YOUR OBJECTIVE:
Write out, exactly and in full, the line where "Magnet - Warrant" appears together with all lines that follow it in the entries below. Do not include pictures.
++++ WORKING DATA
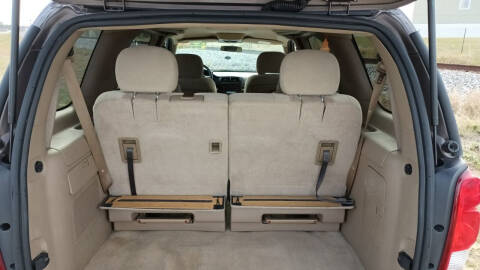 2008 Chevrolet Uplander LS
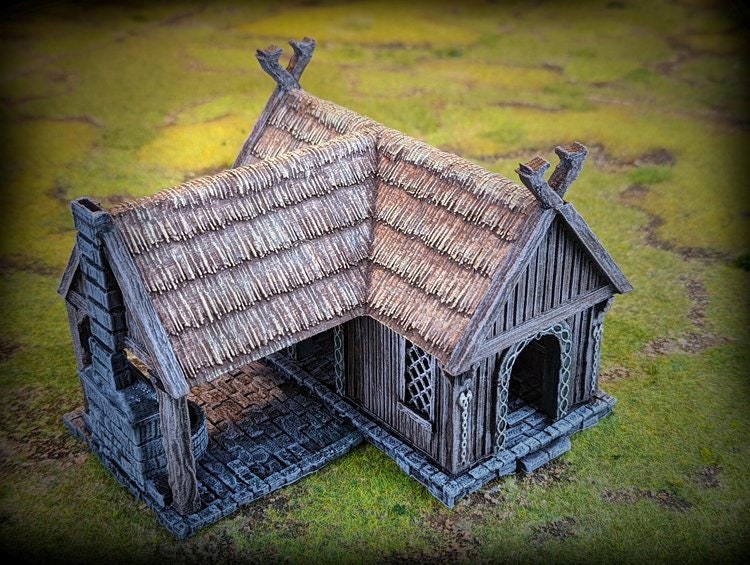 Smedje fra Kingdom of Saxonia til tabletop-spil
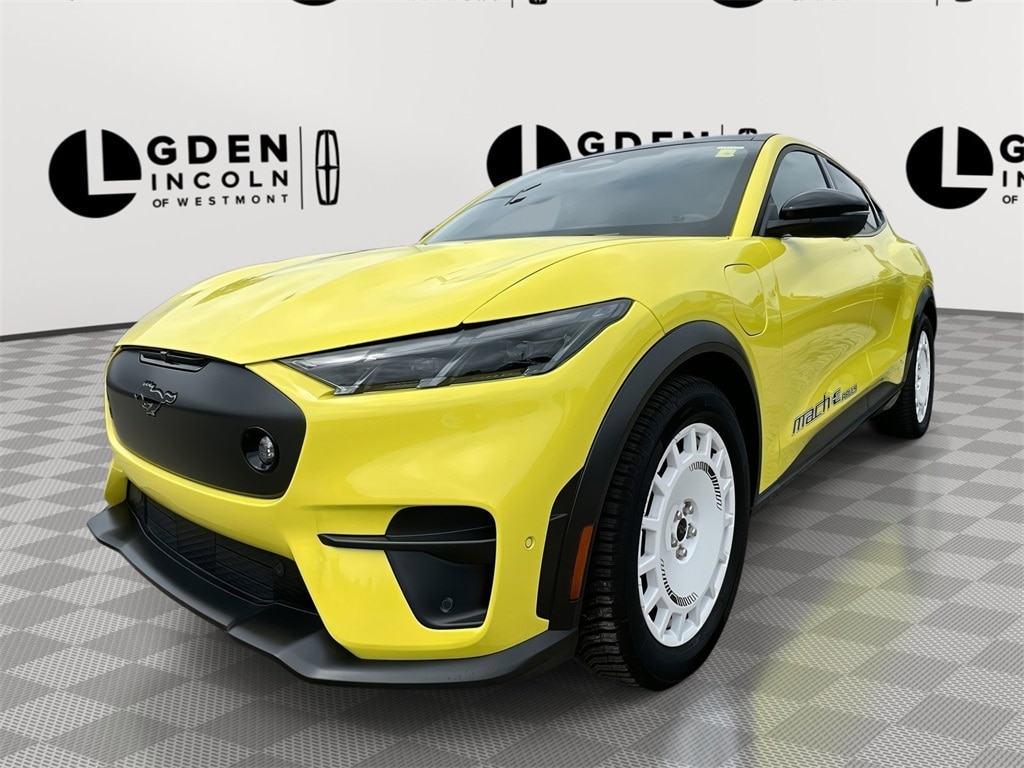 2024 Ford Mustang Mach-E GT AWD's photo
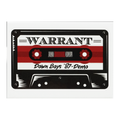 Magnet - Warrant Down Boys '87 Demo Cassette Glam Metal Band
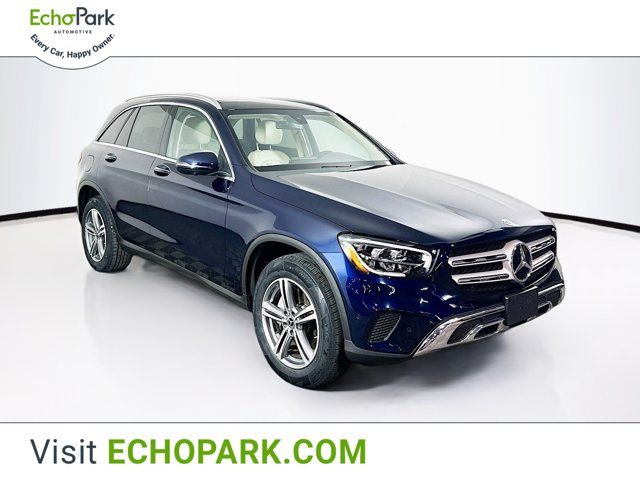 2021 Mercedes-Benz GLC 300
++++++++
RESULT OF THIS EXERCISE:
 Magnet - Warrant Down Boys '87 Demo Cassette Glam Metal Band
 2021 Mercedes-Benz GLC 300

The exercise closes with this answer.